The MIT Global Entrepreneurship Bootcamp (March 26-31) is underway at QUT, offering some of the world’s brightest entrepreneurial thinkers the opportunity to transform their innovative ideas into burgeoning businesses.
It is the first time the MIT Global Entrepreneurship Bootcamp has been held in Australia and only the second time outside the US.
More than 120 motivated entrepreneurs from 38 countries were carefully selected by MIT from more than 6,000 applications to experience the challenges of creating a startup in just one week – a feat that typically takes years.
Mentored by world leaders from the robotics, construction, biotechnology, energy, healthcare, social enterprise and telecommunications industries, the international group was welcomed to QUT’s Gardens Point campus on Saturday.
Participants met their MIT mentors as well as Queensland Minister for Innovation, Science and the Digital Economy Leeanne Enoch, QUT Vice-Chancellor Professor Peter Coaldrake and MIT and QUT staff.
Classes are being led by Managing Director of Martin Trust Centre for MIT Entrepreneurship Bill Aulet, author of Disciplined Entrepreneurship.
Keynote speakers and mentors during event include:
- Rodney Brooks – Australian robotics entrepreneur and former director of the MIT AI Lab, founder of Rethink robotics and iRobot Corp
- Rene Reinsberg – MIT Sloan alumni and co-founder of Locu, which sold to GoDaddy for $70m
- David Anderton – Included in Forbes 30 under 30, co-founder and CTO of Deepstream.tv
- Miranda Phua – Australian social entrepreneur, co-founder of ZigWay, a Myanmar-based social enterprise that helps low income families access cheap and flexible loans
- Inga Stasiulionyte – Olympic javelin thrower turned entrepreneur
- Marius Ursache – founder of Eternime, a startup building intelligent avatars to collect and preserve thoughts, stories and memories of people for eternity
- Scott Hutchinson – managing director of Hutchinson Builders, Queensland’s largest privately owned building company
- Denis Wagner – co-director of Wagners, developers of the first greenfield public airport built in Australia in the last 50 years
- Mark Sowerby – Queensland’s first Chief Entrepreneur.
QUT Vice-Chancellor Professor Peter Coaldrake said universities should play a key role in the startup ecosystem and cultivate environments in which entrepreneurship can thrive.
“At QUT our entrepreneurial focus is on encouraging and nurturing the next generation of entrepreneurs through initiatives such as our QUT Foundries, which are co-working and mentoring spaces on campus for our students, staff, alumni and industry,” Professor Coaldrake said.
“Business and industry and our economy are experiencing unprecedented disruption and entrepreneurs play a vital role in finding the opportunities that help prepare for, and respond to, new challenges in a rapidly changing world.
“QUT is proud to work with MIT and the Queensland Government through its Advance Queensland program to position Queensland as an ideas-driven destination for entrepreneurs and industry.”
Bill Aulet said the blended educational experience of combined online and residential bootcamp provides the best of both methods of teaching.
“Within a week participants will learn the invaluable lesson of how to apply the knowledge they gained from the online class in a way that is not possible,” Mr Aulet said.
“You have to work with other people face to face to really understand how to apply the concepts for a specific new opportunity, and in entrepreneurship, every good opportunity is a new one.
“That is the point of innovation.
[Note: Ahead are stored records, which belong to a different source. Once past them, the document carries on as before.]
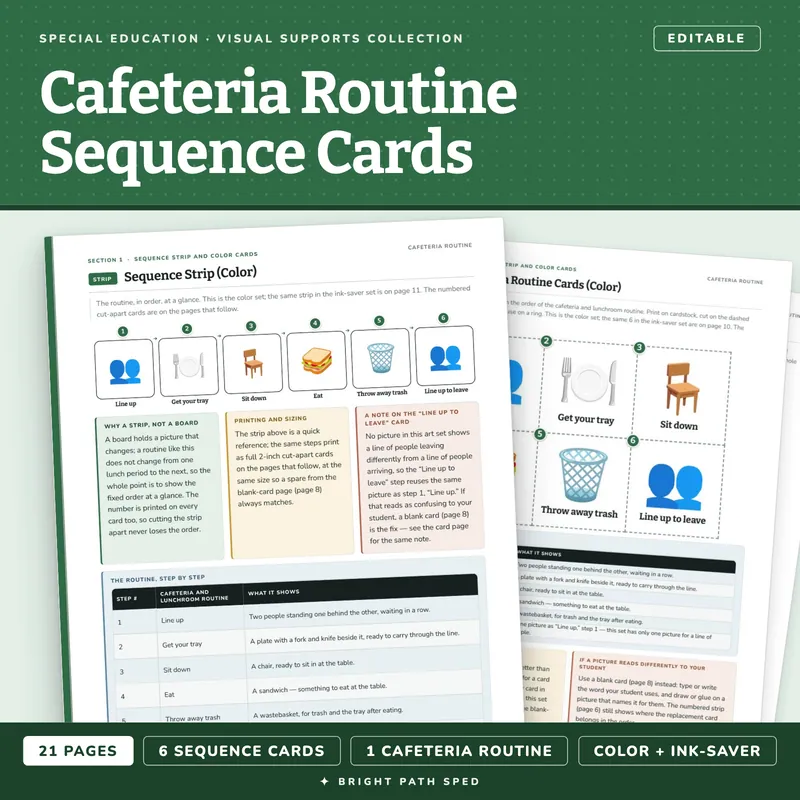 Cafeteria Routine Visual Schedule Cards, image 1 of 4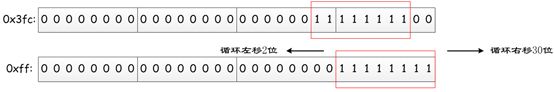 ARM的常数表达式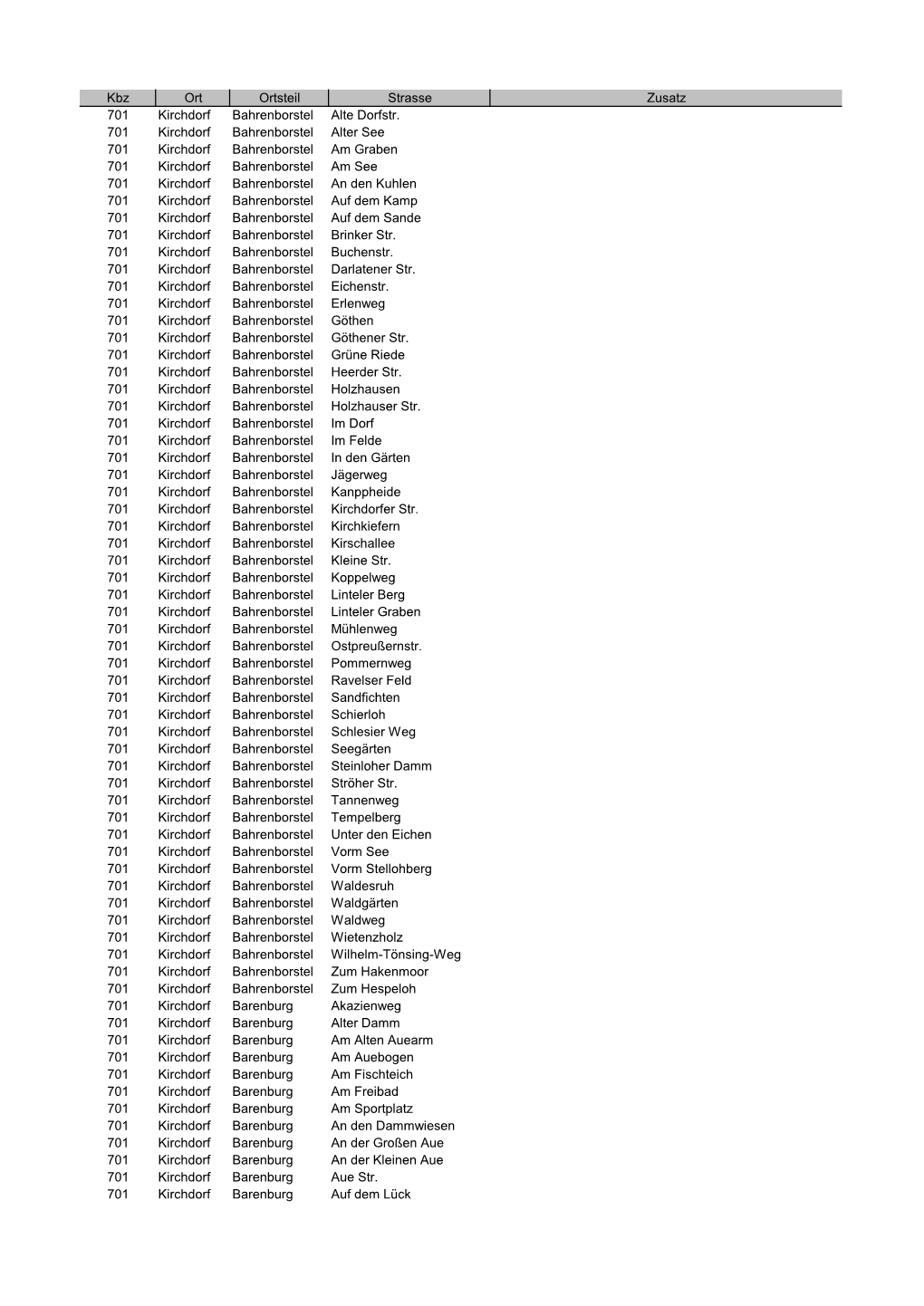 Kbz Ort Ortsteil Strasse Zusatz 701 Kirchdorf Bahrenborstel Alte Dorfstr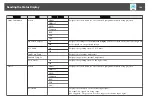 Preview for 184 page of Epson EB-L1050U User Manual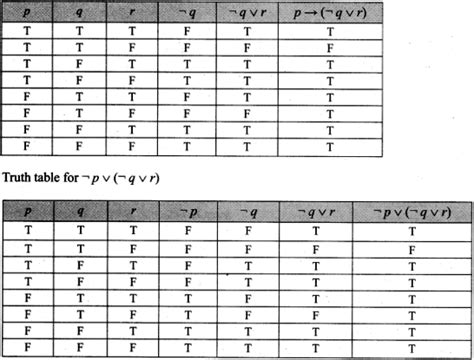 Prove that p (¬ q ∨ r) ≡ ¬ p ∨ (¬ q ∨ r) using truth table. - Sarthaks eConnect | Largest Online ...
As such, in a week at the Brisbane MIT Global Entrepreneurship Bootcamp, the participants will get invaluable expertise that would take them months if not years to get elsewhere, if they could.
“It’s not easy but then nothing that is really worthwhile in the long run ever is.”
Past alumni of the bootcamp include Simplify founder Yen Pei Tay who was named in Fast Company’s Top 50 Most Innovative Companies list for 2017.